(Problem requirements) The answer must reproduce all of the data below exactly and contain no images.

(Dataset items)
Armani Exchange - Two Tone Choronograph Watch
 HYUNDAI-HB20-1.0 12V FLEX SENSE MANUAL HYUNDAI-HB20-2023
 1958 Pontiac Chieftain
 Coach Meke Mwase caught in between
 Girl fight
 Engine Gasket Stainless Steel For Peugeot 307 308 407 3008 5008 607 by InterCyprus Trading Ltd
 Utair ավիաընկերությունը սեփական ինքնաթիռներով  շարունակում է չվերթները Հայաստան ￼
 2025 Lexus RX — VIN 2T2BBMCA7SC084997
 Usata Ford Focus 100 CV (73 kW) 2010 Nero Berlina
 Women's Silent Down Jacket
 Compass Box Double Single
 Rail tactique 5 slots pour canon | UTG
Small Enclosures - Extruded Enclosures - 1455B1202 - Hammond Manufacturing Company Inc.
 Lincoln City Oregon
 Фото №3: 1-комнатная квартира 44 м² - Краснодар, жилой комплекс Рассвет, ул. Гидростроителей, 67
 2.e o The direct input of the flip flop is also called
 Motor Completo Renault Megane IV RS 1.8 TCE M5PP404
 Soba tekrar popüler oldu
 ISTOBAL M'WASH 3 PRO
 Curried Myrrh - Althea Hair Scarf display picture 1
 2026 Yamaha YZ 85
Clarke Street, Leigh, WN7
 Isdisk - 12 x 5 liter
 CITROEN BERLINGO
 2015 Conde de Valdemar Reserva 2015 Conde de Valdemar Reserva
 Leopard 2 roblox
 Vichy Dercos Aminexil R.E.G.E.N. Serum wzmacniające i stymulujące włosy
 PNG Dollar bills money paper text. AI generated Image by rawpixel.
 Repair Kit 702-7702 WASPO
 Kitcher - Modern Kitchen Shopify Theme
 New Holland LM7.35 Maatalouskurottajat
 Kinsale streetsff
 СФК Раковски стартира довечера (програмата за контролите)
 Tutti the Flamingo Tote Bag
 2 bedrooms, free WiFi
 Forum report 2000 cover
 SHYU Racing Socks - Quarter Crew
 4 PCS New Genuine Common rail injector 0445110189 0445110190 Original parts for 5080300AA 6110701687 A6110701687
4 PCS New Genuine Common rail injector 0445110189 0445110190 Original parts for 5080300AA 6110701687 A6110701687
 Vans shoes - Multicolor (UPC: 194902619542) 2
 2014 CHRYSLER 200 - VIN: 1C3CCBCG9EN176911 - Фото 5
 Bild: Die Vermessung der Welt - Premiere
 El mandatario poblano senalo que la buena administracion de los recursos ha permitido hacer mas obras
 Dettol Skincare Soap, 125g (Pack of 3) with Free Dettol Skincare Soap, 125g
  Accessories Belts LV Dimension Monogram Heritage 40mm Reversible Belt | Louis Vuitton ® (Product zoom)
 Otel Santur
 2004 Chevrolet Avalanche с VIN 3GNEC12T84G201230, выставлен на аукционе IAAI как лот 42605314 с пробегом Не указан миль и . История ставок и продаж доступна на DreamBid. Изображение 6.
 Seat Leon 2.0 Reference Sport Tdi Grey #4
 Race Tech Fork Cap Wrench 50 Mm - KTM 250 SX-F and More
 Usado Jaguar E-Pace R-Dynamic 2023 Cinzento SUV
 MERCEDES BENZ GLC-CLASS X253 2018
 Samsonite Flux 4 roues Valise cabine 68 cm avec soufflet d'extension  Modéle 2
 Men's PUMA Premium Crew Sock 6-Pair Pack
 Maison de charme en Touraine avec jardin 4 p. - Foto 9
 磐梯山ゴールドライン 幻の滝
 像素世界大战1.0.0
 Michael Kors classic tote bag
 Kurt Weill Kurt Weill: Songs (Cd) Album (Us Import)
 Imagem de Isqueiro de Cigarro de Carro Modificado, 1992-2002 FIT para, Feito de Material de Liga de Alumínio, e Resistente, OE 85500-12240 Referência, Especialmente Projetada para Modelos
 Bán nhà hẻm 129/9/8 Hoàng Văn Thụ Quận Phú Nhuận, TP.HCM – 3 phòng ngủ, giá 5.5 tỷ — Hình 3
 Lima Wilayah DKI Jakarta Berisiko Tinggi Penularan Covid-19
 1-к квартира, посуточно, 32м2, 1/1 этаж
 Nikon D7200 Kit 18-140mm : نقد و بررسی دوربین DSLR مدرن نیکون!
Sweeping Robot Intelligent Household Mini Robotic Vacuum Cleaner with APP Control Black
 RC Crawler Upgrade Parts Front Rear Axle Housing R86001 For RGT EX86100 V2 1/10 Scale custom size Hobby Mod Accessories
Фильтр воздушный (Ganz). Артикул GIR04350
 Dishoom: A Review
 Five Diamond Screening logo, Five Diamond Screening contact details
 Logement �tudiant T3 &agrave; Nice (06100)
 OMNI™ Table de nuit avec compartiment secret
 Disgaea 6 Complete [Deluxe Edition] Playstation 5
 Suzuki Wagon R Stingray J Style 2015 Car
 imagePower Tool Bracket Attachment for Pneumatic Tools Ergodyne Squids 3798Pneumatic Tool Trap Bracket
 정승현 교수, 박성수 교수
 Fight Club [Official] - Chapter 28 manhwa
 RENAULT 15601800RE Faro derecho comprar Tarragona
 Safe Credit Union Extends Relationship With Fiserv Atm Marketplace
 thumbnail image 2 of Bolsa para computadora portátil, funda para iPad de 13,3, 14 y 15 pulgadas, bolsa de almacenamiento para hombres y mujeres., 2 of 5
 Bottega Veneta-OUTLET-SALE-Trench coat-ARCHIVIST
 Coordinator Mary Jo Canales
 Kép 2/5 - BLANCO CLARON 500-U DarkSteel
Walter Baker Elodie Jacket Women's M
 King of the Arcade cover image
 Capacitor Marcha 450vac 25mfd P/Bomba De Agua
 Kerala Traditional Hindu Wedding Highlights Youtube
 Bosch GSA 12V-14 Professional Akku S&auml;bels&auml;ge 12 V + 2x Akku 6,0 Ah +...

(Response area)
Armani Exchange - Two Tone Choronograph Watch
 HYUNDAI-HB20-1.0 12V FLEX SENSE MANUAL HYUNDAI-HB20-2023
 1958 Pontiac Chieftain
 Coach Meke Mwase caught in between
 Girl fight
 Engine Gasket Stainless Steel For Peugeot 307 308 407 3008 5008 607 by InterCyprus Trading Ltd
 Utair ավիաընկերությունը սեփական ինքնաթիռներով  շարունակում է չվերթները Հայաստան 
 2025 Lexus RX — VIN 2T2BBMCA7SC084997
 Usata Ford Focus 100 CV (73 kW) 2010 Nero Berlina
 Women's Silent Down Jacket
 Compass Box Double Single
 Rail tactique 5 slots pour canon | UTG
Small Enclosures - Extruded Enclosures - 1455B1202 - Hammond Manufacturing Company Inc.
 Lincoln City Oregon
 Фото №3: 1-комнатная квартира 44 м² - Краснодар, жилой комплекс Рассвет, ул. Гидростроителей, 67
 2.e o The direct input of the flip flop is also called
 Motor Completo Renault Megane IV RS 1.8 TCE M5PP404
 Soba tekrar popüler oldu
 ISTOBAL M'WASH 3 PRO
 Curried Myrrh - Althea Hair Scarf display picture 1
 2026 Yamaha YZ 85
Clarke Street, Leigh, WN7
 Isdisk - 12 x 5 liter
 CITROEN BERLINGO
 2015 Conde de Valdemar Reserva 2015 Conde de Valdemar Reserva
 Leopard 2 roblox
 Vichy Dercos Aminexil R.E.G.E.N. Serum wzmacniające i stymulujące włosy
 PNG Dollar bills money paper text. AI generated Image by rawpixel.
 Repair Kit 702-7702 WASPO
 Kitcher - Modern Kitchen Shopify Theme
 New Holland LM7.35 Maatalouskurottajat
 Kinsale streetsff
 СФК Раковски стартира довечера (програмата за контролите)
 Tutti the Flamingo Tote Bag
 2 bedrooms, free WiFi
 Forum report 2000 cover
 SHYU Racing Socks - Quarter Crew
 4 PCS New Genuine Common rail injector 0445110189 0445110190 Original parts for 5080300AA 6110701687 A6110701687
4 PCS New Genuine Common rail injector 0445110189 0445110190 Original parts for 5080300AA 6110701687 A6110701687
 Vans shoes - Multicolor (UPC: 194902619542) 2
 2014 CHRYSLER 200 - VIN: 1C3CCBCG9EN176911 - Фото 5
 Bild: Die Vermessung der Welt - Premiere
 El mandatario poblano senalo que la buena administracion de los recursos ha permitido hacer mas obras
 Dettol Skincare Soap, 125g (Pack of 3) with Free Dettol Skincare Soap, 125g
  Accessories Belts LV Dimension Monogram Heritage 40mm Reversible Belt | Louis Vuitton ® (Product zoom)
 Otel Santur
 2004 Chevrolet Avalanche с VIN 3GNEC12T84G201230, выставлен на аукционе IAAI как лот 42605314 с пробегом Не указан миль и . История ставок и продаж доступна на DreamBid. Изображение 6.
 Seat Leon 2.0 Reference Sport Tdi Grey #4
 Race Tech Fork Cap Wrench 50 Mm - KTM 250 SX-F and More
 Usado Jaguar E-Pace R-Dynamic 2023 Cinzento SUV
 MERCEDES BENZ GLC-CLASS X253 2018
 Samsonite Flux 4 roues Valise cabine 68 cm avec soufflet d'extension  Modéle 2
 Men's PUMA Premium Crew Sock 6-Pair Pack
 Maison de charme en Touraine avec jardin 4 p. - Foto 9
 磐梯山ゴールドライン 幻の滝
 像素世界大战1.0.0
 Michael Kors classic tote bag
 Kurt Weill Kurt Weill: Songs (Cd) Album (Us Import)
 Imagem de Isqueiro de Cigarro de Carro Modificado, 1992-2002 FIT para, Feito de Material de Liga de Alumínio, e Resistente, OE 85500-12240 Referência, Especialmente Projetada para Modelos
 Bán nhà hẻm 129/9/8 Hoàng Văn Thụ Quận Phú Nhuận, TP.HCM – 3 phòng ngủ, giá 5.5 tỷ — Hình 3
 Lima Wilayah DKI Jakarta Berisiko Tinggi Penularan Covid-19
 1-к квартира, посуточно, 32м2, 1/1 этаж
 Nikon D7200 Kit 18-140mm : نقد و بررسی دوربین DSLR مدرن نیکون!
Sweeping Robot Intelligent Household Mini Robotic Vacuum Cleaner with APP Control Black
 RC Crawler Upgrade Parts Front Rear Axle Housing R86001 For RGT EX86100 V2 1/10 Scale custom size Hobby Mod Accessories
Фильтр воздушный (Ganz). Артикул GIR04350
 Dishoom: A Review
 Five Diamond Screening logo, Five Diamond Screening contact details
 Logement �tudiant T3 &agrave; Nice (06100)
 OMNI™ Table de nuit avec compartiment secret
 Disgaea 6 Complete [Deluxe Edition] Playstation 5
 Suzuki Wagon R Stingray J Style 2015 Car
 imagePower Tool Bracket Attachment for Pneumatic Tools Ergodyne Squids 3798Pneumatic Tool Trap Bracket
 정승현 교수, 박성수 교수
 Fight Club [Official] - Chapter 28 manhwa
 RENAULT 15601800RE Faro derecho comprar Tarragona
 Safe Credit Union Extends Relationship With Fiserv Atm Marketplace
 thumbnail image 2 of Bolsa para computadora portátil, funda para iPad de 13,3, 14 y 15 pulgadas, bolsa de almacenamiento para hombres y mujeres., 2 of 5
 Bottega Veneta-OUTLET-SALE-Trench coat-ARCHIVIST
 Coordinator Mary Jo Canales
 Kép 2/5 - BLANCO CLARON 500-U DarkSteel
Walter Baker Elodie Jacket Women's M
 King of the Arcade cover image
 Capacitor Marcha 450vac 25mfd P/Bomba De Agua
 Kerala Traditional Hindu Wedding Highlights Youtube
 Bosch GSA 12V-14 Professional Akku S&auml;bels&auml;ge 12 V + 2x Akku 6,0 Ah +...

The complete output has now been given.